Inter-Office Memorandum
ToCedar UsersDateMay 20, 1981
FromEd SatterthwaiteLocationPalo Alto
SubjectCedar 7T7 Language and Compiler ChangesOrganizationCSL
XEROX
Filed on: [Ivy]<CedarDocs>Lang>Cedar7T7.BravoDRAFT
There is a new version of the Cedar compiler. This memo summarizes the changes to the language and compiler that you should know about.
Types in Cedar
This section sketches some current thinking about the Cedar type system and might help you to understand the motivation for some of the changes described below. (See also Lampson, Cedar abstract machine [CedarAM.memo, February 1980].)
Types as Predicates
Every type is characterized by some predicate; a value x has type T iff x satisfies the predicate for T. In general, such predicates are defined in terms of a set of marks (tags, etc.) carried by each value; however, the Mesa type system is designed so that most mark manipulation can be done statically (by the compiler), and the usual representations of most values do not include explicit marks.

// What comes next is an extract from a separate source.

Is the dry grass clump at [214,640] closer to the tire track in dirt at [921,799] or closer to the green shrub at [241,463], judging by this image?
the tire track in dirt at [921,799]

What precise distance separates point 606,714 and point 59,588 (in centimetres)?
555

A given expression has some fixed syntactic type that depends upon the form of the expression and the declared types of constituent identifiers. The value denoted by an expression always satisfies the predicate characterizing its syntactic type, but such a value will often satisfy predicates characterizing other types as well. In this sense, a Cedar value may have an arbitrary number of types. For example:
If Thing is a variant record type with a variant red, a reference to a Thing might simultaneously satisfy the predicates for REF ANY, REF Thing, and REF Thing[red] (formerly REF red Thing, see below).
An opaque type and the corresponding concrete type are distinct, even within an exporter of the concrete type, but the predicates for the two types are identical.

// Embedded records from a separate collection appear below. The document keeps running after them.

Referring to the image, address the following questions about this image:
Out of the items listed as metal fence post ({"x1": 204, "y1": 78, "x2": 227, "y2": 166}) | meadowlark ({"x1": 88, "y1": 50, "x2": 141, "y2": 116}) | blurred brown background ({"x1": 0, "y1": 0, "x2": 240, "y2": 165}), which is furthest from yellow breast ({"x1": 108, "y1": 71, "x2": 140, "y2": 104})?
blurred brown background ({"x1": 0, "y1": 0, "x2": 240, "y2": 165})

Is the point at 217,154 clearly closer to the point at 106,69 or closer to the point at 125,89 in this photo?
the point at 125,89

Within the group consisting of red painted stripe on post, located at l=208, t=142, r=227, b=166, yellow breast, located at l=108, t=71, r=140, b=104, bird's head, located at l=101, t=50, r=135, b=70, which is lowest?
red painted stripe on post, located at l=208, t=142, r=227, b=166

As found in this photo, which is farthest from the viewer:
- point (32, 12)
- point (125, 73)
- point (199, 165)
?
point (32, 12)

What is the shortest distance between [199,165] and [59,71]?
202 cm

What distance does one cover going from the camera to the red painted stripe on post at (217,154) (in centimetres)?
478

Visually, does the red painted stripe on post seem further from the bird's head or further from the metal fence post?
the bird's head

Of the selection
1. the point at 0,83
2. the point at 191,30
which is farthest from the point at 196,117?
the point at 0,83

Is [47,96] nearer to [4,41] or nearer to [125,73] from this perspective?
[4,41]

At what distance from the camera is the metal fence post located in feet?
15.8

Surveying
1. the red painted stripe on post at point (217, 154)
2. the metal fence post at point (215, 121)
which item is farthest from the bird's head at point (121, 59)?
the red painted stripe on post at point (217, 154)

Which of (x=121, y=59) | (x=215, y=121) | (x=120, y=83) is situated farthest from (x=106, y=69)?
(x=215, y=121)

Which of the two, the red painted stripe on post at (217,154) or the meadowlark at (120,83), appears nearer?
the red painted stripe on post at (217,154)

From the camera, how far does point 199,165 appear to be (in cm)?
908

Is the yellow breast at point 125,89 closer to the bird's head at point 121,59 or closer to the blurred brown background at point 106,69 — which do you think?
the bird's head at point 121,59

Roughly speaking, the primary job of the predicates associated with types is to provide correct answers to questions about low-level representational conventions so that, e.g., the Cedar garbage collector can operate correctly.
The form ISTYPE[x, T] returns the result of applying the predicate characterizing T to the value x. In Cedar 7T7, ISTYPE has been redefined to work in a somewhat more general and uniform way, and the operations of NARROWing and (type-based) SELECTion have been defined in terms of ISTYPE.
Types as Clusters of Operations
In addition, a cluster of operations (sometimes called a group) can be associated with a type. The main purposes of this grouping are to provide a number of packaging conveniences and to support so-called "object oriented" notation. If x has (syntactic) type T, x.Op[args] means Op[x, args] where Op is found by looking in the cluster associated with T. Two types may be characterized by the same predicate but have different associated clusters; in current Cedar, this is true of, e.g., an opaque type and the corresponding concrete type.
Each of the type constructors in Cedar supplies a standard and implicitly defined cluster for each type that it constructs. The only mechanism currently available for the explicit construction of such a cluster is the interface module, and previous versions of Cedar have limited support of this mechanism to opaque types. If T is an opaque type declared by, e.g.,
T: TYPE;
in some interface Defs, operations (procedures) declared in Defs become components of the cluster associated with T and may be invoked using object notation. Cedar 7T7 extends this support to allow construction of similar clusters for record types. If T is declared in Defs by
T: TYPE = RECORD [ ... ];
the operations declared in Defs become part of the cluster associated with T. In this case, however, they augment the operations already supplied for T by the RECORD type constructor.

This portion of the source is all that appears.